On Thu, Mar 13, 2003 at 03:32:27PM -0800, David Carlton wrote:
> On 13 Mar 2003 13:15:59 -0800, David Carlton <carlton@math.stanford.edu> said:
> 
> > I'll think about this, but if there's no easy way to get a good
> > guess at the current language when building minimal symbol tables, I
> > suppose I'll reluctantly take a stab at the temporary solution.
> 
> Actually, it wasn't so bad: Daniel did a good job of making the new
> symbol name initialization functions modular, so I only had to touch
> one of them.  Here's a patch that might work; it doesn't cause any
> non-Java regressions, but this machine doesn't have gcj 3.2 on it, so
> I have no idea if it actually fixes the problem.  I'll try to test it
> tonight when I get home, but if anybody reading this wants to test it
> before then, that would be great.  The symtab.h part is purely
> cosmetic: just apply the symtab.c part, if you don't want to have to
> recompile every file that depends on symtab.h.

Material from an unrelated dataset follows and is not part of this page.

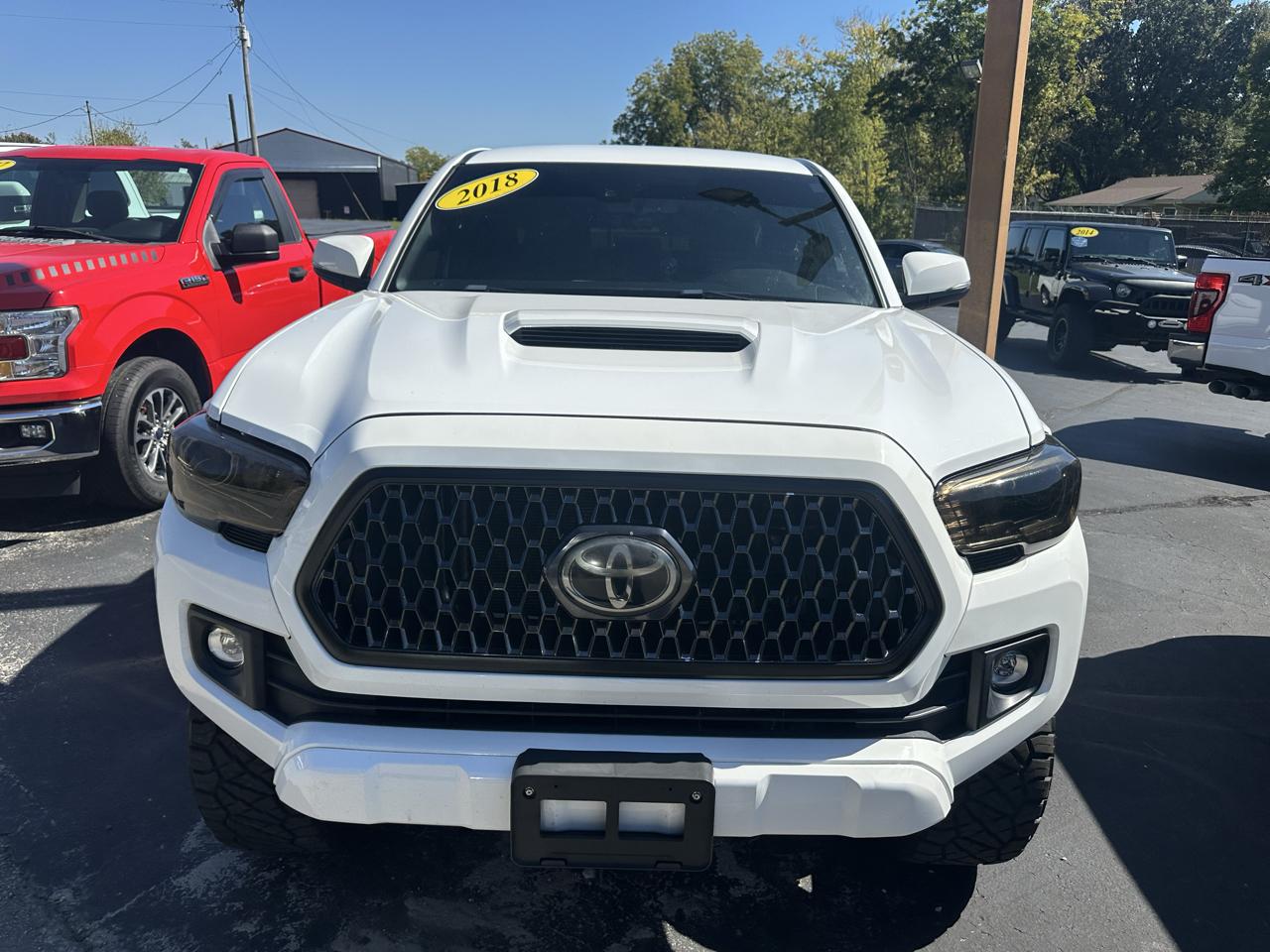 Toyota Tacoma SR5 Double Cab Long Bed V6 6AT 4WD 2019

Hmm, I like this in principle.  Could it have a more prominent FIXME on
it though?  It's really not a good long term solution.  We shouldn't
need both demangled copies... or if we do, then perhaps both should be
associated with the minsym.

> 
> David Carlton
> carlton@math.stanford.edu
> 
> 2003-03-13  David Carlton  <carlton@math.stanford.edu>
> 
> 	* symtab.c (symbol_set_names): Add prefix when storing Java names
> 	in hash table.  Fix for PR java/1039.
> 	* symtab.h: Change 'name' argument in declaration of
> 	symbol_set_names to 'linkage_name'.
> 	(SYMBOL_SET_NAMES): Change 'name' argument to 'linkage_name'.
> 
> Index: symtab.c
> ===================================================================
> RCS file: /cvs/src/src/gdb/symtab.c,v
> retrieving revision 1.99
> diff -u -p -r1.99 symtab.c
> --- symtab.c	4 Mar 2003 17:06:21 -0000	1.99
> +++ symtab.c	13 Mar 2003 22:59:00 -0000
> @@ -484,61 +484,103 @@ symbol_find_demangled_name (struct gener
>    return NULL;
>  }
>  
> -/* Set both the mangled and demangled (if any) names for GSYMBOL based on
> -   NAME and LEN.  The hash table corresponding to OBJFILE is used, and the
> -   memory comes from that objfile's symbol_obstack.  NAME is copied, so the
> -   pointer can be discarded after calling this function.  */
> +/* Set both the mangled and demangled (if any) names for GSYMBOL based
> +   on LINKAGE_NAME and LEN.  The hash table corresponding to OBJFILE
> +   is used, and the memory comes from that objfile's symbol_obstack.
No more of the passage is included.